Children are not created to carry adult burdens.  I hate my mother for doing this to me.  I listened to her rage, was the brunt of her hatred, and I now carry the shame of her truths.  These are the things I will never tell my daughter.  She deserves better than the truth of who I am and the secrets that I carry.

My mother destroyed herself and in the process, nearly destroyed me.  I carry her woundings and hide them as best I can.  They don't heal; they only fester. 

The inner conflict I feel makes my skin too tight.  I love, I hate.  I am numb, I feel.  I despair, I hope.  My heart blisters and I cut.  My screams of hate are silent lines and hidden scars.

Wednesday, December 9, 2009

Pressure

It's all in my head.  The pressure is all in my head.  I have spent the later part of Monday and all day yesterday with yet another hideous migraine.

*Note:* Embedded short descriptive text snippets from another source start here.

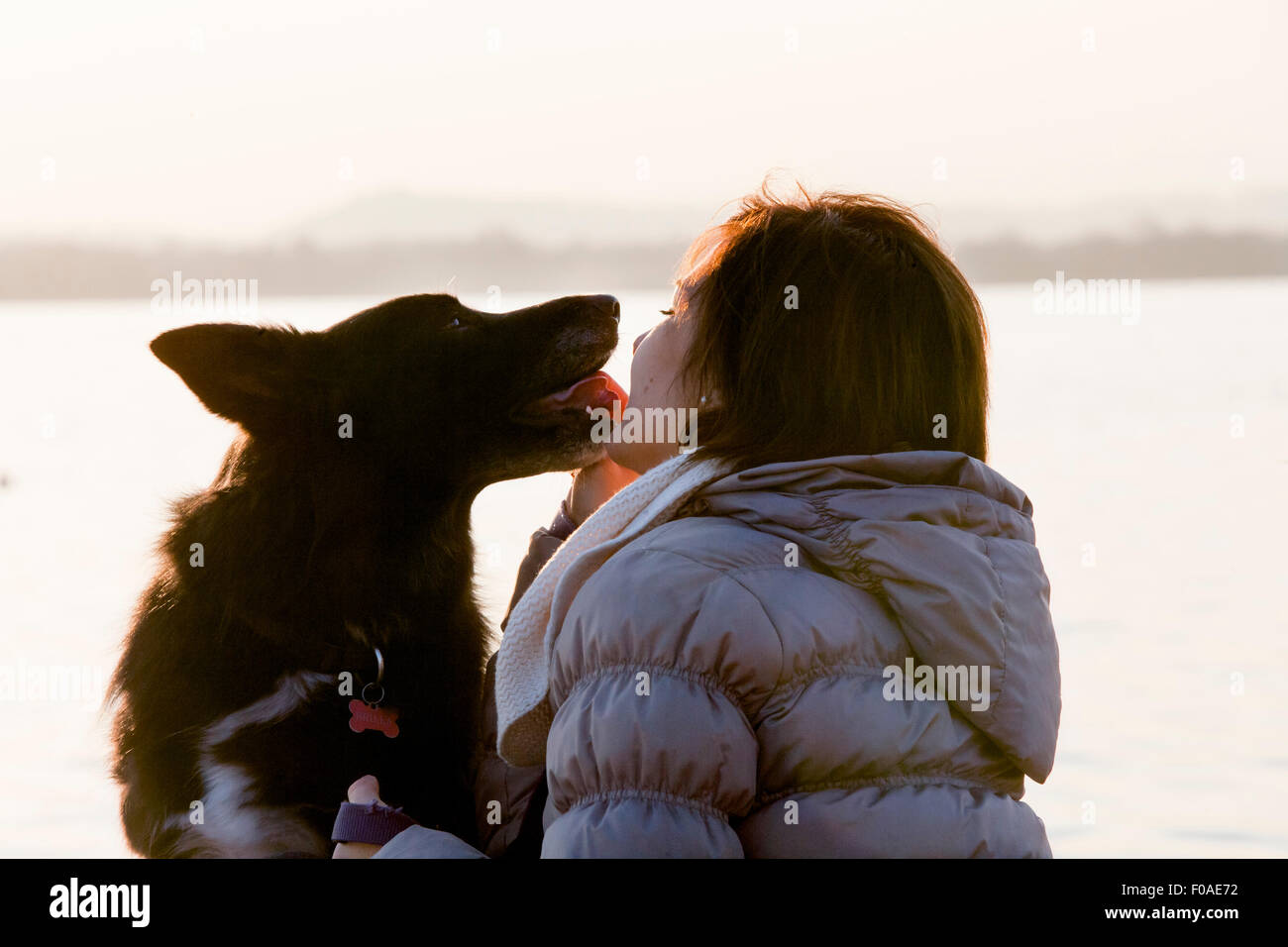 Cane leccare la metà degli adulti faccia womans sul lago Foto Stock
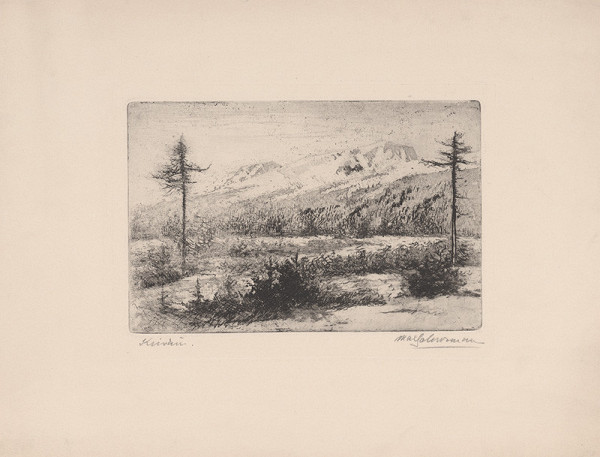 Maximilián Schurmann – Kriváň 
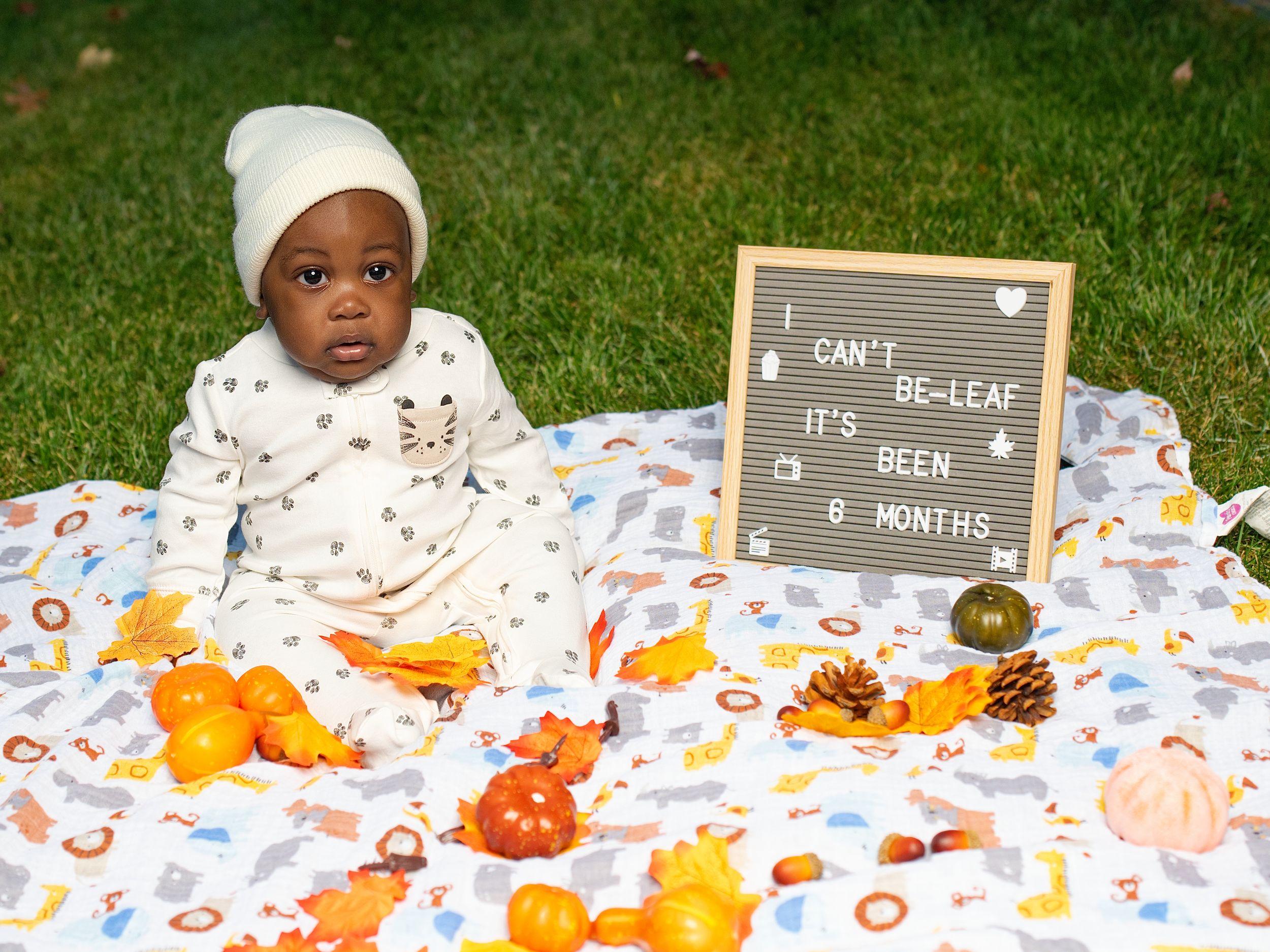 A baby in a knit hat sitting on a blanket with small pumpkins and a six-month letter board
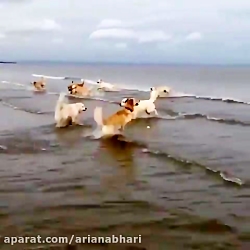 شادی سگ از دریا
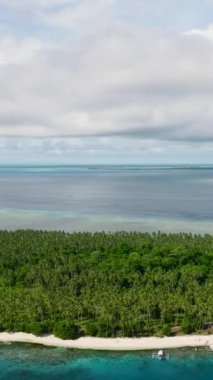 Tropik Caxisigan adası ve denizde kumlu bir sahil. Balabac, Palawan. Filipinler.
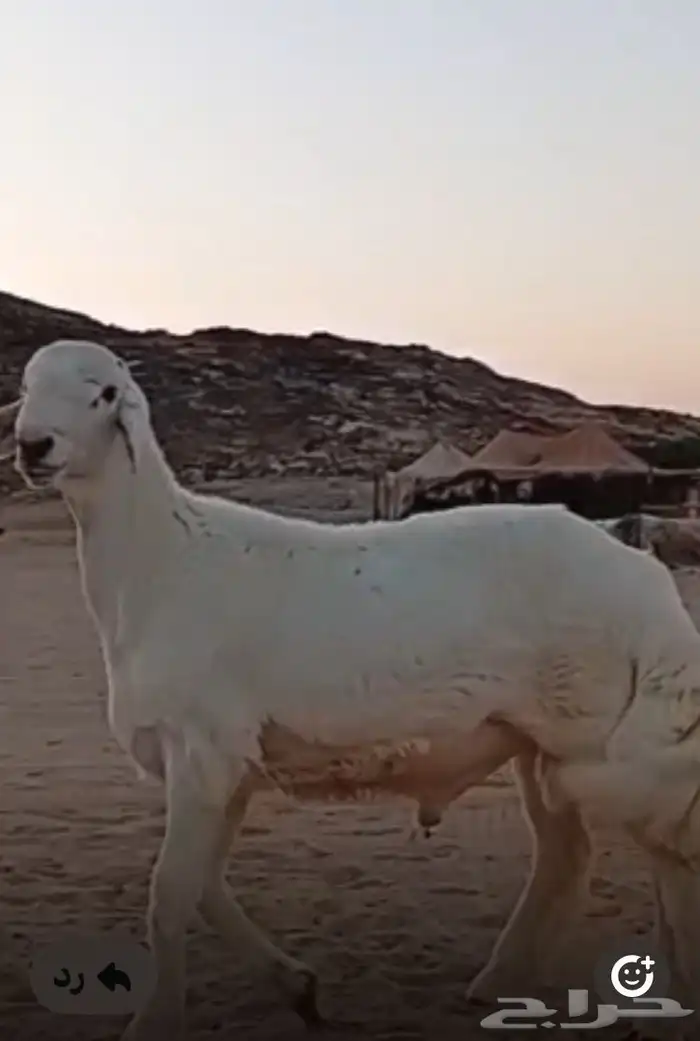 مشروع فحل حري صنف 4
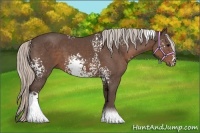 Horse Color:White Spotted Silver Black Sabino
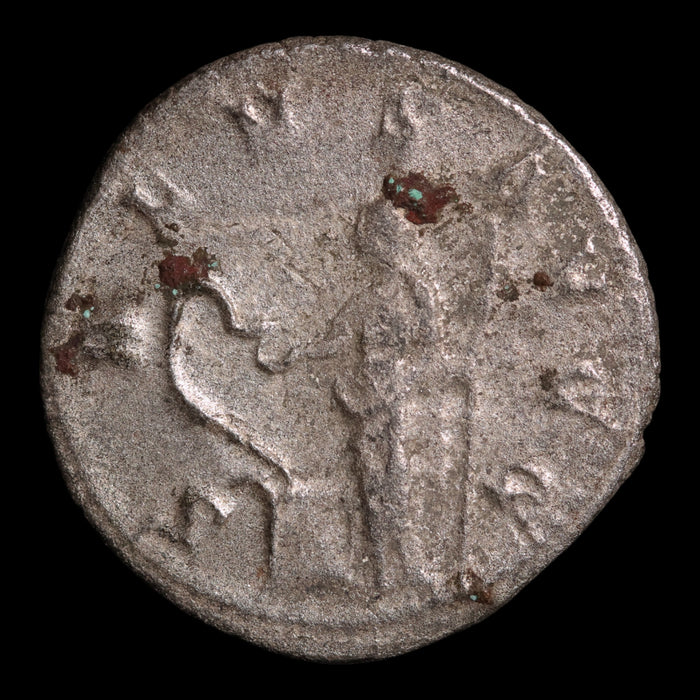 Rome, Emperor Valerian, AR Antoninianus, Salus (Goddess of Safety) - 254 CE - Roman Empire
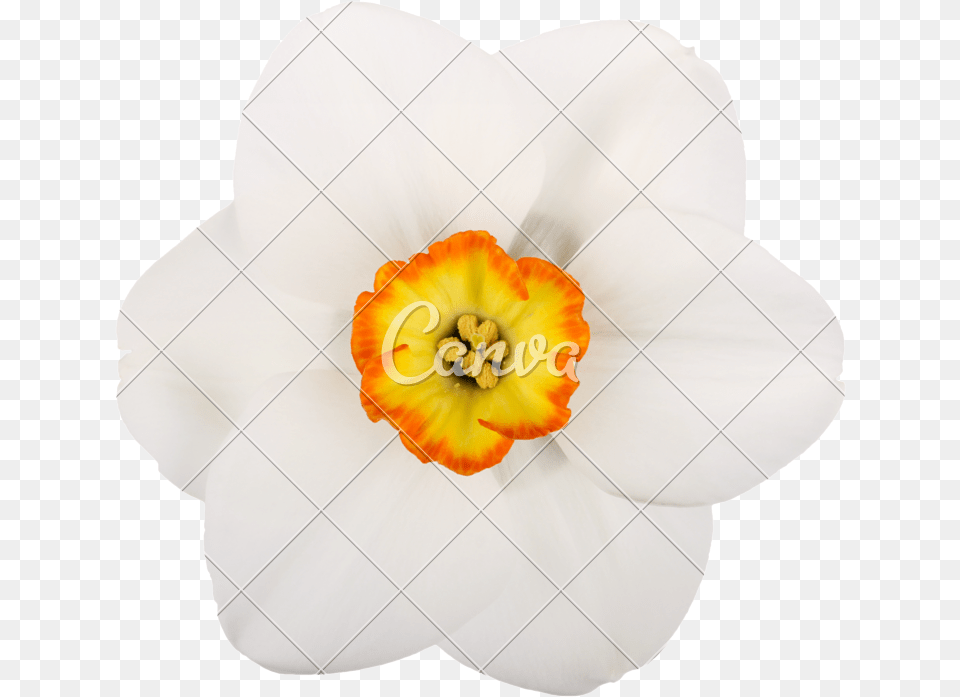 Daffodil Clipart Pumpkin Flower Artificial Flower, Plant Png Image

I get migraines and then I get migraines.  The second version is the pounding, searing, scratching my brain kind of pressure that no medication will touch.  I have tried prescription after prescription for migraines and nothing has ever cured them completely.  Sometimes a medication will stop a migraine and that is a good day.  The rest of the time I endure the pain, counting on someone else inside to work through their unrest to alleviate the mental throbbing. 

Coincidentally, or not, the very day I wrote here about control of my feelings and memories, I ended up floored by a whopper of a migraine.  By Monday evening, the voices in my head had reached a fevered pitch.  With the noise increasing, I began to compensate by telling them to shut up.  That didn't work very well and the tension continued to build.

I spent yesterday sleeping in our closet.  Not my favorite place to sleep and even upsetting for some to spend anytime in a dark closet, but necessary to shut out the external sounds and light.  It was then, and continued today, that I began to actually listen to what the others were saying.  A novel idea...

It is the teenager-types this time; upset about our treatment by others.  My father and his friends specifically.  Almost as if our father grew tired of the monotony of abusing us he invited his friends to enjoy us as well.

Money changing hands.  Hushed words and names spoken.  Our names.  He was telling them how to "work" us. 

Say Sara for a blowjob...  Cooper if you want a boy...  Jasmine if you like to be rough...  Lively if you want a bad girl...  Sissy if you never want a word spoken...

And so they learned our names and exactly how to get what they wanted.  He hurt us so much that he knew that we had different names.  He fucking knew.

They take their turns watching and egging each other on.  Suggestions of what to try.  A fight for who was next.  An invitation by him for all to join in towards the end.

A mess is what we are.  Humiliation is sticky in our hair.  We are dripping with ammonia-smelling shame.  Numbing blood covers our legs.  We are reduced to a heap of fluids, their laughter, their pleasure.  A human hole.

My head is pounding with shame.  The screams speak of silent terror.  There is no medication to stop this pain.  This migraine is wrapped up in silence that is unbearable to hear.  The pressure of the secrets, the pressure of the shame is just too much.

Monday, December 7, 2009

What

How far does one venture into the black hole of a childhood? 

The more I think, the more I write, the more I feel, the more I allow myself to remember, the more horror I unwrap.  One of my biggest fears is drawing near.

What if I cannot stop? 

Stop feeling, stop remembering, stop hurting, stop crying, stop traveling at light speed face-first into the fist of my past...

I have been this close to facing this fear before.  And then I found convenient excuses to stop.  Or run.  I'm pretty much out of excuses these days.  I am stable; my medications are doing their job.  I have good support.  I am not being abused.  I am not in the midst of any sort of crisis.  All of these positives are stepping stones in the right direction.  Great.

I enjoy writing; I think that is probably pretty obvious.  I enjoy the control.  I share what I wish and I conceal what I do not wish to share.  It works out perfectly.  Or at least I like to think it does...

My husband tells me to just start talking.  I think he's being ridiculous.  No one just opens their mouth and starts spilling their secrets.  When you spill something it is hard to control the mess.  I like control.  What if I lose the little control that I have?

I keep telling myself that I have already been through the worst of this.  But what happens when feeling and remembering leaves a mark?  What if who I find is maimed, ruined, and disfigured? 

Then what?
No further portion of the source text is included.